Games like this one, though, violate both of those standards.
The game was designed to engage the player emotionally in the same way as if the action were happening in reality. To accomplish that the designer incorporated permadeath, the idea that a player would only have one life in the game and would lose everything if they lost it. Add in a kill-or-be-killed storyline, in which characters have to take supplies from others to survive, and marauding zombies and you have a game designed to induce you to experience fear and loss.
This can be seriously problematic for teens that are already dealing with hormone-induced emotional storms, but when we add in the developing status of their brains, it becomes much more concerning. Games with a significant negative (fear, loss) component simulate trauma and trauma has a real effect on their development. Considering that teens already seem more susceptible than adults to the addictive nature of the dopamine cycle that gaming provokes in their brains – encouraging users to seek more and more intensive stimulation, games of this nature seem like a bad idea.
Consider the testimony of one player, irr1449, on Reddit.
As soon as I realized what I had done, I felt horrible. This wave of grief ran over my body…I took it away from him in a second and he didn’t even see me coming. We were not in a firefight and he wasn’t threatening me. I just shot him in the back…Then the worst thing happened. I started to rationalize my kill. “Well he probably would of tried to kill me.” “Well it’s only fair, I’ve been killed 10 times by players like him.” “It’s only a game.” Anything I could think of to make myself feel better.
He goes on to say,
It also shows you how people can do horrible thing to others as long as everyone is doing it. (Think Nazi Germany). How every time you kill someone that feeling of remorse and grief is a little less painful until one day you feel nothing at all.
This game trains you to detach your actions from their consequences.

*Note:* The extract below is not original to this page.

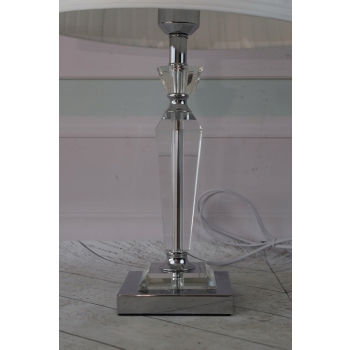 Kryształowa Biała Lampa - Lampka Abażur - Kryształ Glamour - Ozdoba Biuro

This game is truly a murder simulator.
That’s quite different from a game like Call of Duty where players pretend to be soldiers fighting for their country and the opposition characters are clearly enemies that pose a threat. One situation is moral, the other is not. That makes a difference even when it is all pretend. After all, 1 John 3 tells us that even to hate someone is the sin of murder, ” Whoever hates his brother is a murderer, and you know that no murderer has eternal life abiding in him.”
Parents need to help their teens understand why some games are okay and some are not. Explain your rationale, help them to see your concerns, give them the Biblical viewpoint. When you talk to them as adults-in-training, there are several benefits:
- Obedience. They are much more likely to comply with your standards when they understand you have thought this through and are acting in love for them.

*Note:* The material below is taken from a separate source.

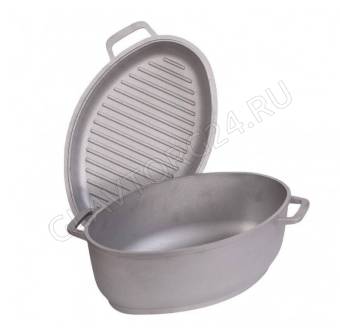 Гусятница 4,0л с утолщ. дном 7мм + крышка сковорода-гриль алюмин. арт. Г401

- Protection. Understanding your concerns gives them a basis for defending their actions (not playing that game) to their friends.
- Preparation. Working through the decision-making with you models how they can make wise decisions as a Christian themselves.
And that’s the goal, isn’t it? To raise men and women of God who make wise decisions based on His Word.
How do you handle gaming in your household? What do you do if your children want to play a game you’re not sure about?
Yours in the battle,
Hal & Melanie
For more real-life, practical help in raising godly sons,
Get our book,
Raising Real Men
or sign up for one of our LIVE, interactive webinar series,
Boot Camp 9-12
(for parents of nine to twelve year old boys)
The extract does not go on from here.